Francisco Romero Salvado, Reader in Modern Spanish History, University of Bristol

About the Hipoteca Plataforma (Ada Colau et al.). They have achieved an important current of sympathy in sectors of civil society. They have managed to stop a good number of `deshaucios’ (people being thrown out of their houses because they couldn’t pay their mortgages). At a level of barrio (quarter) specially in poor areas, they have had an important effect. They have even managed to force the introduction of more compassionate legislation in parliament.

Still, I’m not sure the impact they could have at the level of political society where PP and PSOE (or CIU and others in certain regions) have entrenched networks of support (a bit like clientelism).

Once we thought the 15 M (the so-called enraged or indignados) could sweep away current politics, given the economic climate, and the PP was voted in with an overall majority. So I’m quite skeptic.

Richard Gunther, Professor of Political Science, The Ohio State University

1. Indeed, it is likely that the impact of social movement leaders will be restricted to those individuals who are most alienated from the current policies and current institutions and those are indeed, as your question poses, those who are in the streets. Unfortunately, the government appears to be paying no attention to the popular protests, and is continuing with its austerity programs, in my view much to the detriment of the interest of Spanish citizens.

2. With regard to your second question, you have to bear in mind the Spain has a powerfully majoritarian electoral system that works much to the detriment of minority parties. Thus, it would be very difficult for a third ranked or fourth-ranked party to break through and gain anything approaching a majority in the Spanish parliament. It is likely that the two principal parties will continue their dominance of Spanish politics, despite the fact that both of them are doing declining substantially in popular opinion.

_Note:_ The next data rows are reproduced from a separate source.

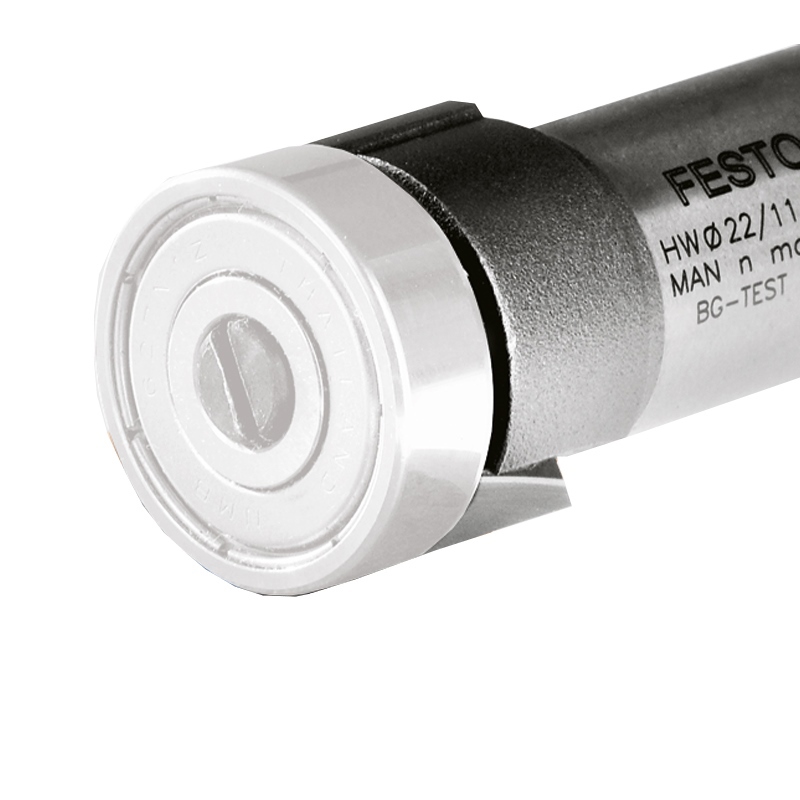 kantenfrees hardmetaal festool-3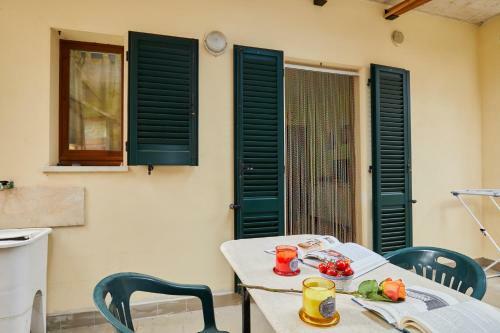 Casa Vacanze Alice 2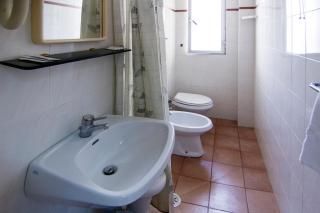 Hotel Cordova - Florence - 6
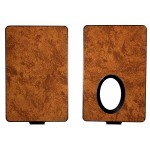 HCigar VT Inbox Covers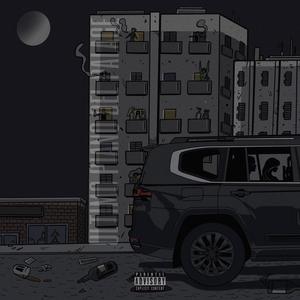 L' ultimo piano del palace (Explicit)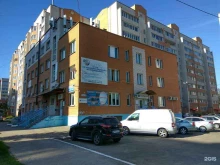 салон красоты Beauty corner в Смоленске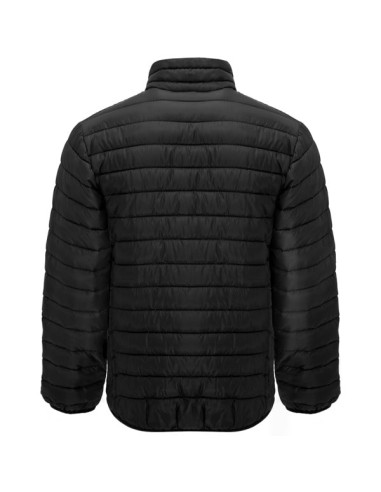 Chaqueta acolchada Finland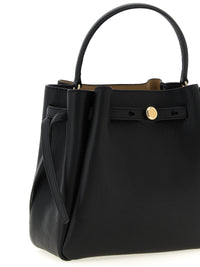 TORY BURCH Tory Burch Women 'Romy' Bucket Bag
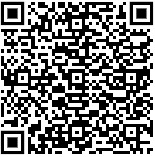 QR contacto
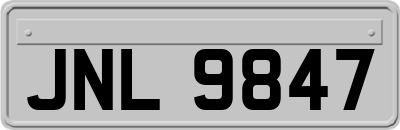JNL9847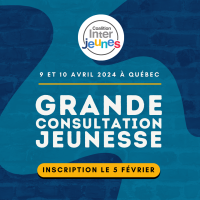 Affiche GCJ 2024 (1)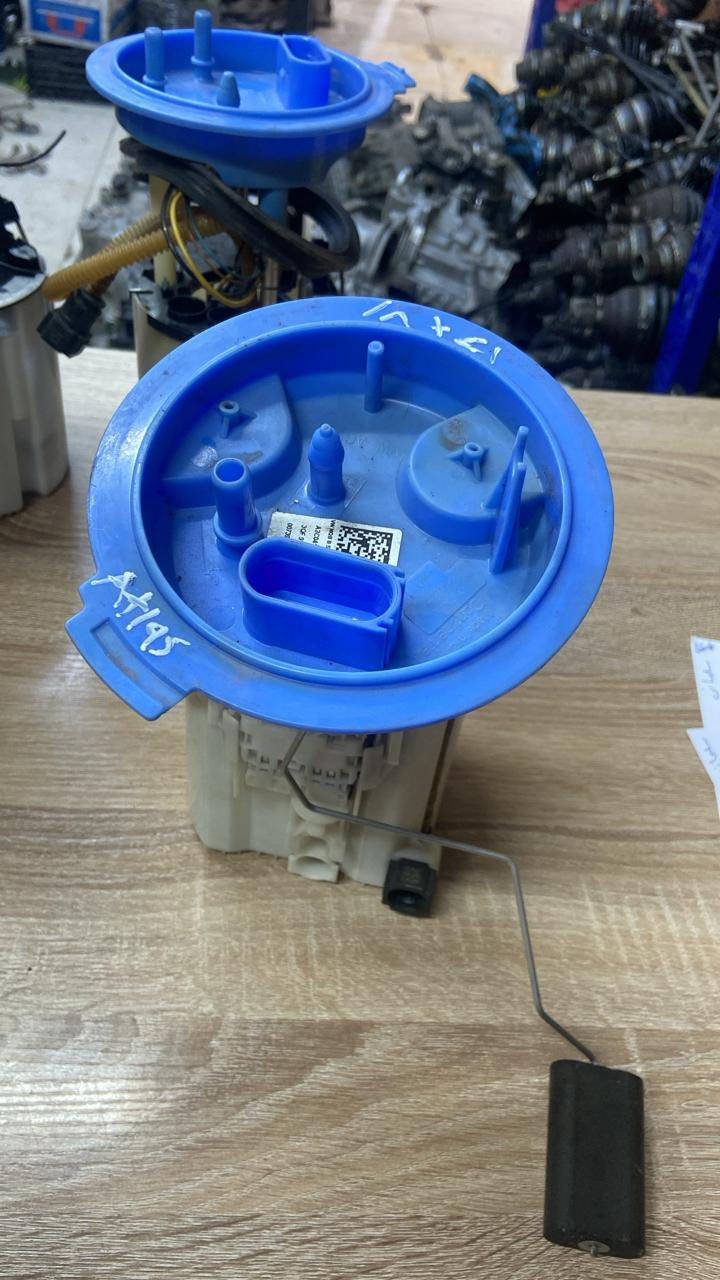 ***********
السلام عليكم يتوفر لدينا اغلب قطع سيارات 

🚘 فولكس وأكن  عنوان المحل أربيل صناعة الشمالية يتوفر توصيل 🚚 جميع محافظات العراق 

#جيتا #اطلس #تاوس #تيكوان #باسات

#كولف
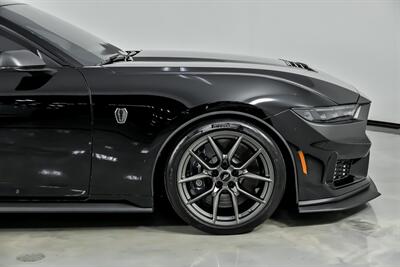 2024 Ford Mustang Dark Horse-$30K MODS-BORLA EXST-FULL PPF-WHIPPLE! - Photo 15 - Joliet, IL 60435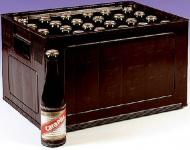 Cara pils (biere) 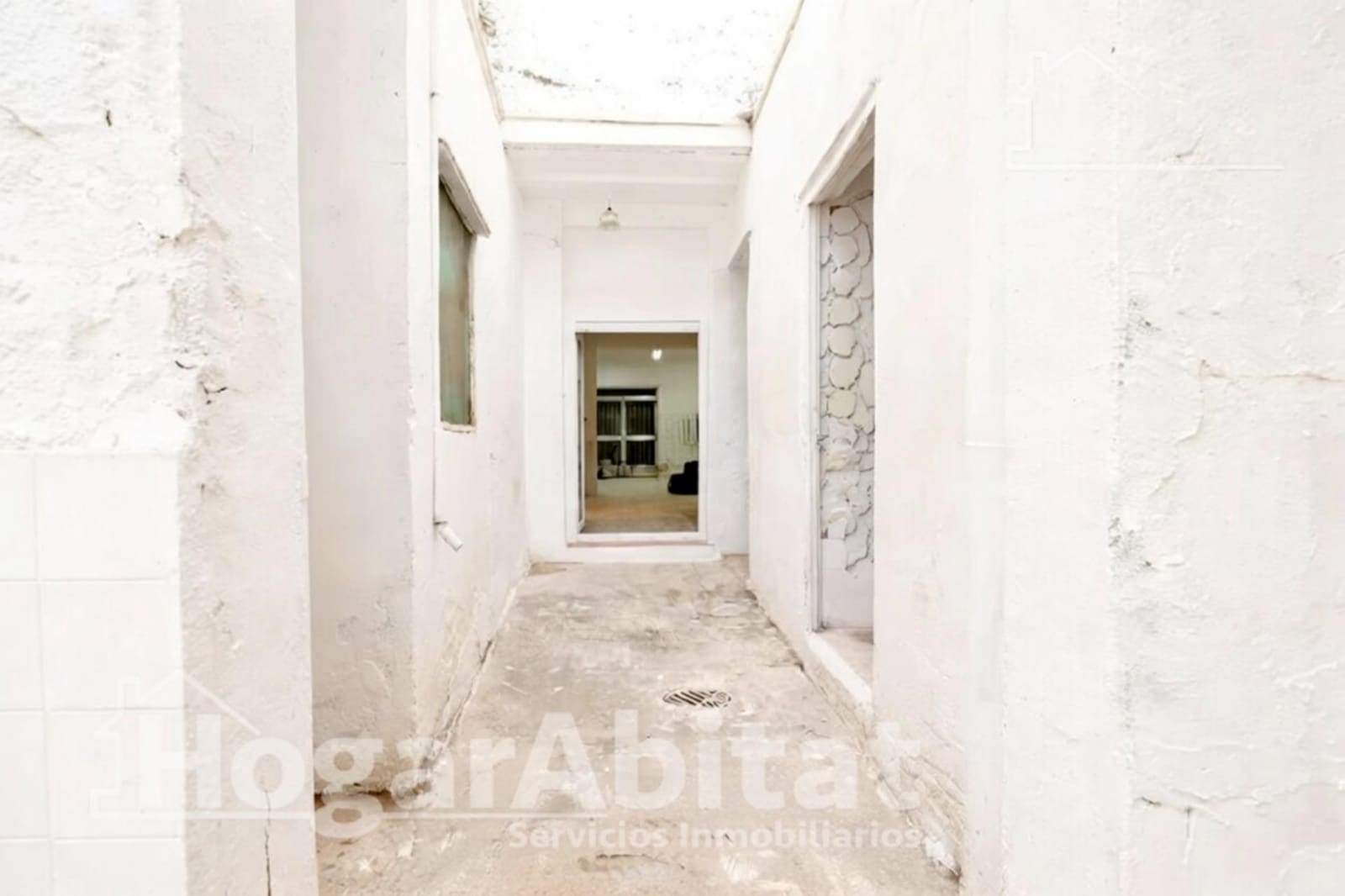 7 soveværelse Byhus til salg i Castello de la Plana - € 229.000 (Ref: 10059234)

Parties like Rosa Díez’s UPyD and others in the margins of the establishment such as Izquierda Unida, or at regional CUP in Catalonia and others have definitely benefited from the widespread discontent with the ruling parties. Still, the most voted parties clearly profit from the electoral D’Honte systems. Polls for Madrid indicate that the PP is going to lose its majority (a bulwark for many years), UPyD get a significant number of seats for first time and IU perhaps as nearly as many as the PSOE.

We have to take these results, one by one, and see if some significant changes at the level of municipal or autonomic elections could be reproduced at a state level.